E-Newsletter Advertising: Three Do's and Two Don'ts
E-newsletter marketing can be an effective way to target your message to highly qualified potential leads, writes Angela Hribar, chief sales and marketing officer for GlobalSpec. She offers a few tips on what to do and what to avoid.
If you haven't done so yet, it may be time to consider adding third-party industry e-newsletter advertising to your marketing mix. Online advertisements can motivate your audience to act. According to a recent engineering trends survey, 87 percent of respondents stated they visited an advertiser's Web site after viewing an online advertisement -- an impressive number.
E-newsletter advertising offers a number of benefits that marketers might overlook. By selecting an industry e-newsletter with broad distribution, you can gain visibility among prospects that will be receptive to your message, both in new markets and with prospects that are hard to reach.
Additionally, you don't have to manage the list of recipients, produce the content or distribute the newsletter. That leads to cost and time savings because there are fewer demands on your internal resources.

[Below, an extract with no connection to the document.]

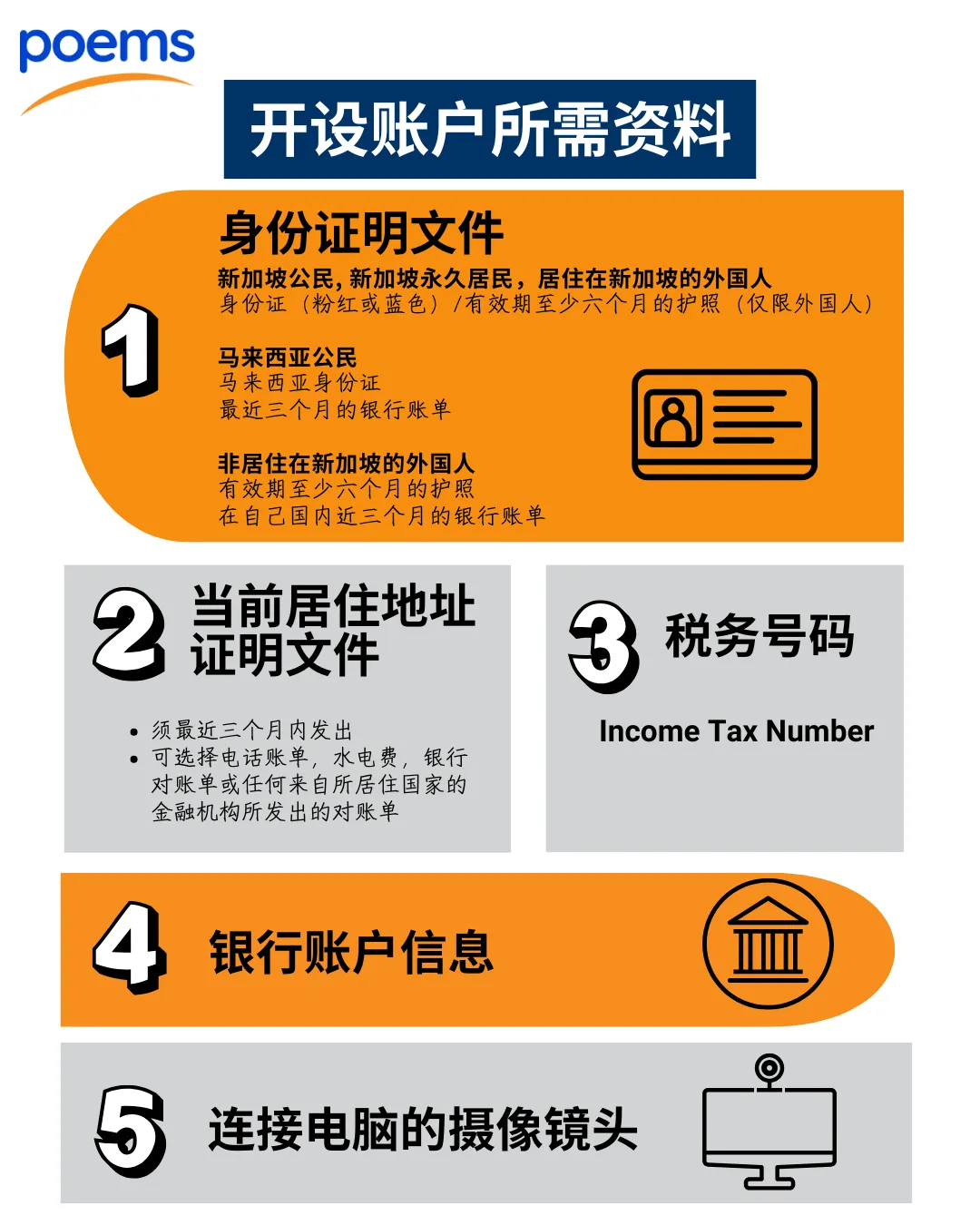 美股 | 降息梦碎,加息重来?美债市场遭遇“史诗级”反杀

Finally, by advertising in an opt-in e-newsletter, your advertisement gets delivered directly to your recipient's inbox, where it can command attention because recipients are choosing to read the e-newsletter. As you consider your e-newsletter advertising strategy, here are several "do's and don'ts" to keep in mind.
Do: Set Your Objectives Up Front
As with any marketing program, when choosing which e-newsletters to advertise in, you must first know the audience you want to reach, the purpose of your advertising campaign and how you will measure success.

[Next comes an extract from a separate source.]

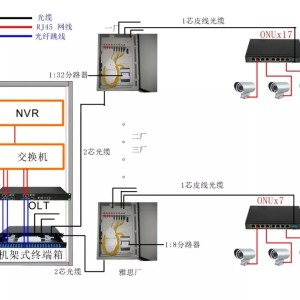 人造革机与报架与安全带与光端机连接示意图视频教程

Your purpose might be to raise the visibility of your brand, announce your company's attendance at a trade show, launch a new product, or generate leads with a compelling offer. All of these purposes can be achieved through the right e-newsletter advertising. Purpose should drive your content. For example, if you are promoting a new product, you'll want a photo of your product; if you are offering a white paper, you'll need a short, compelling pitch.
Measurements of success could be the number of people who click on your ad or the number who accept an offer (such as a white paper download) after clicking on your ad. You may also choose to measure effectiveness by the number of page views or visits to specific areas of your Web site.
Do: Perform Due Diligence on Potential Media Partners
With marketing objectives in hand, evaluate potential e-newsletter publishers in the market segment you want to reach. Ask the publisher for both the number of subscribers (including effective circulation and delivered number) and a subscriber profile, preferably by industry and job function. A quick glance at the subscriber profile and you'll know if you're targeting the right audience.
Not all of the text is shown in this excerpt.